▶ [Source information]:
---*---

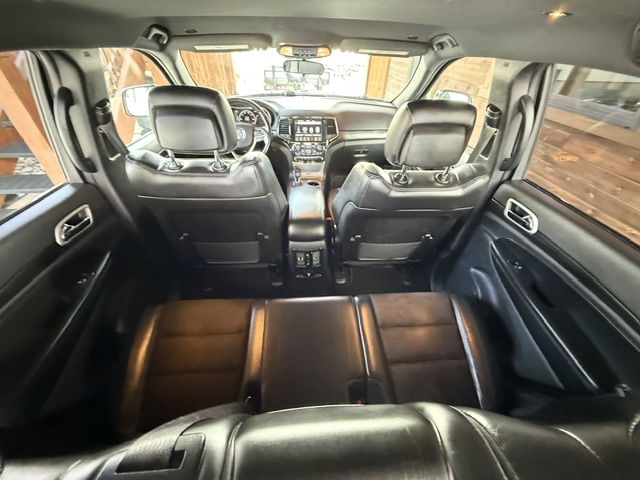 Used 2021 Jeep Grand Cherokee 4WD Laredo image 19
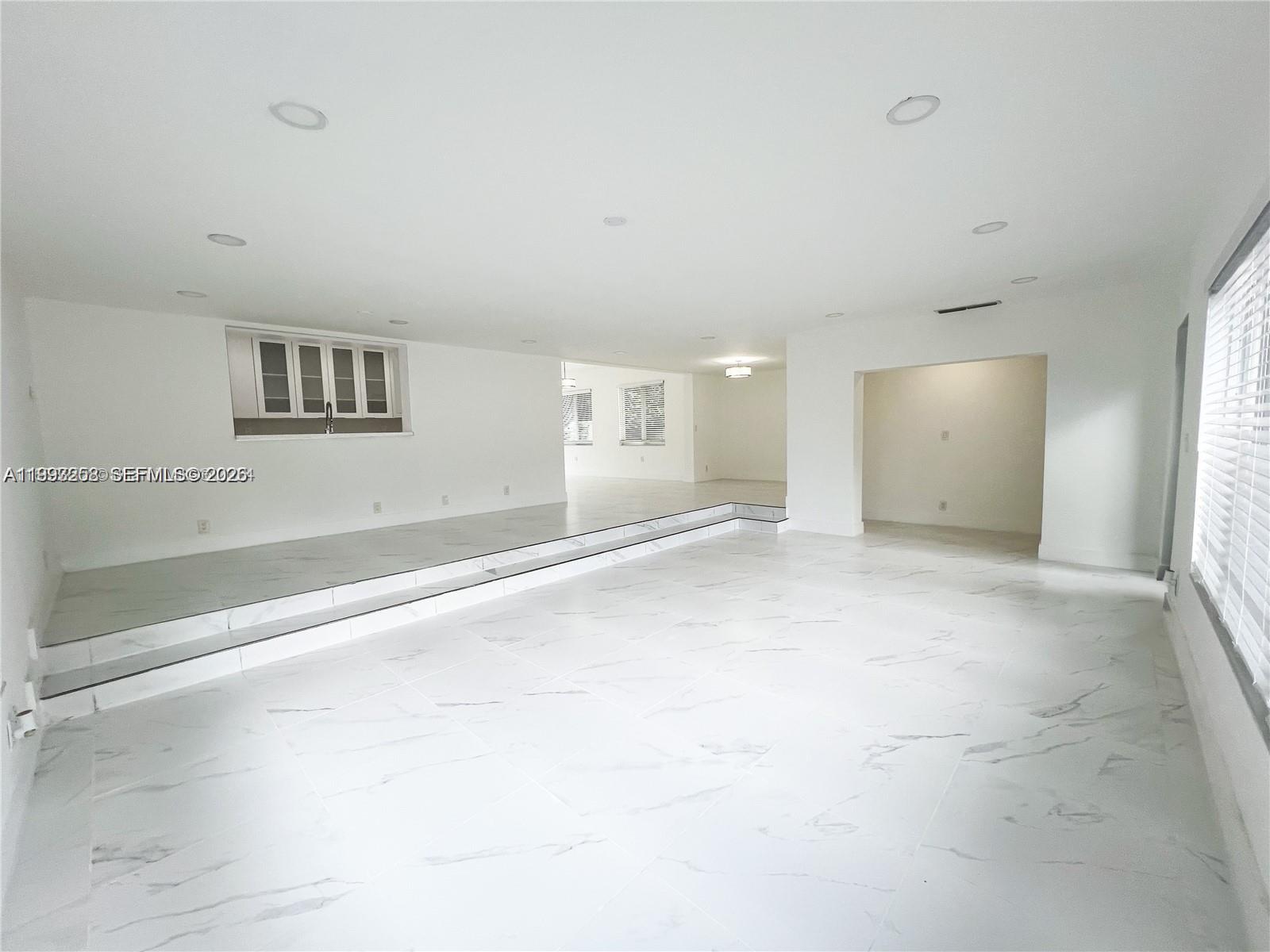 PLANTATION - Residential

---*---

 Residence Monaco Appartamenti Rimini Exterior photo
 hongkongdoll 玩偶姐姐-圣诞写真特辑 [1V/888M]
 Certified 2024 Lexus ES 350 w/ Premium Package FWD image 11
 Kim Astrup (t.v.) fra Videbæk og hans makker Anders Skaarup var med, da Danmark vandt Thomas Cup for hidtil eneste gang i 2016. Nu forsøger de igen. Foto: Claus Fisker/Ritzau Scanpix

---*---

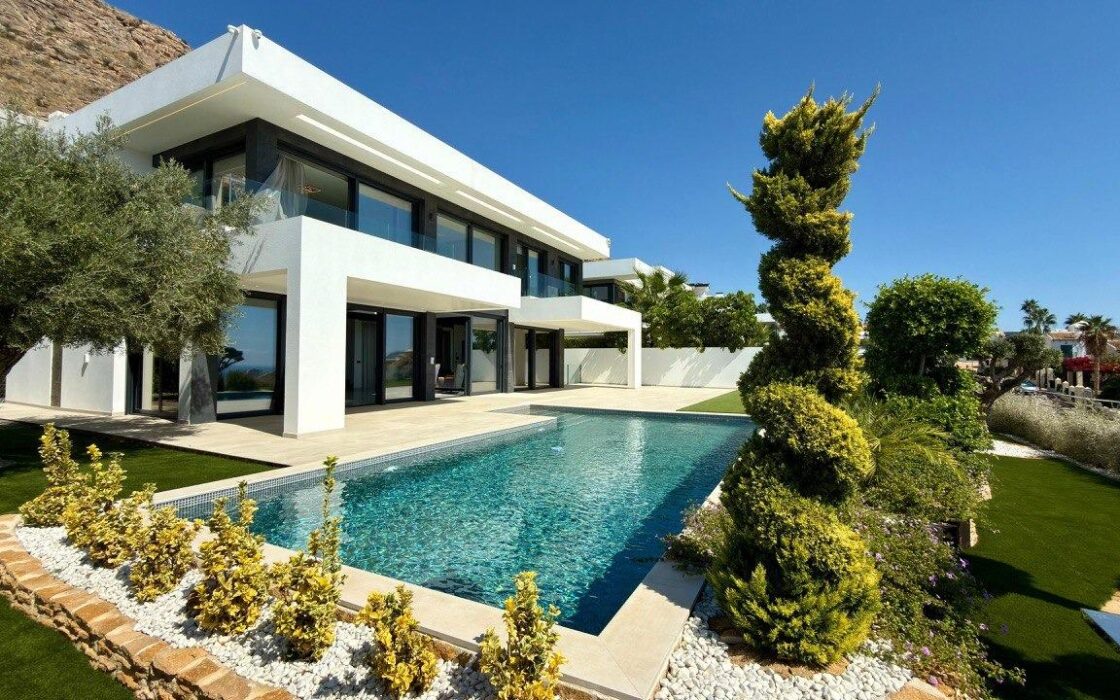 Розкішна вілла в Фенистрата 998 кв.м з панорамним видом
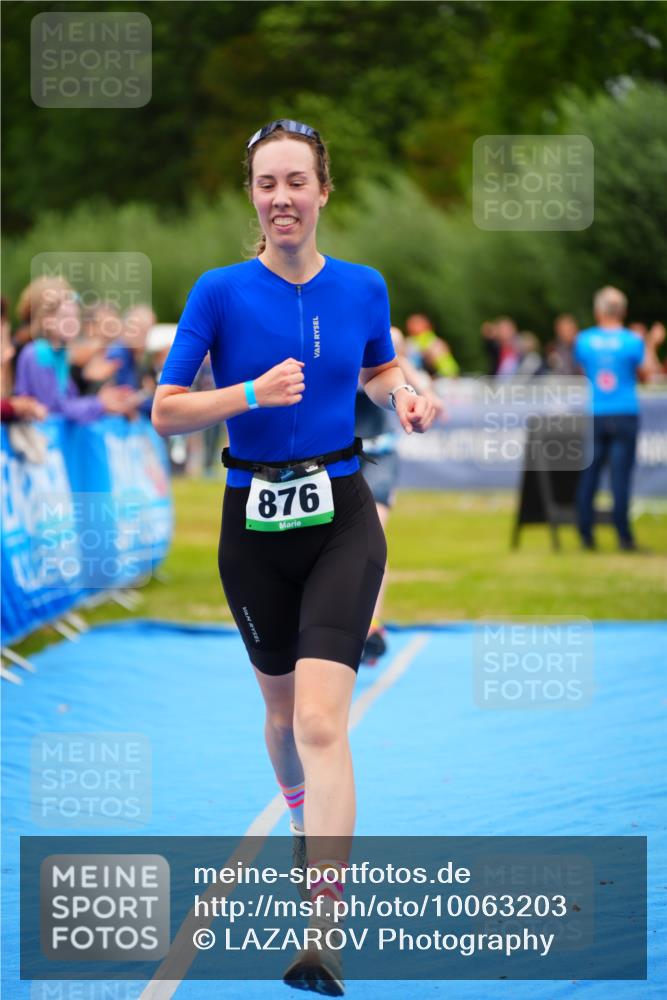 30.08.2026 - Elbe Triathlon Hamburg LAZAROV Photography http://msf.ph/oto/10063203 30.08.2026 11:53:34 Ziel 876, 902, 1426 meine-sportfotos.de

---*---

▶ [Problem to work on]: Please copy out from the data above, without any picture, exactly the lines running from the one that holds "Used 2021 Jeep" through the one that holds "PLANTATION - Residential", and nothing beyond them.

▶ [Reply to the exercise]:
 Used 2021 Jeep Grand Cherokee 4WD Laredo image 19
 PLANTATION - Residential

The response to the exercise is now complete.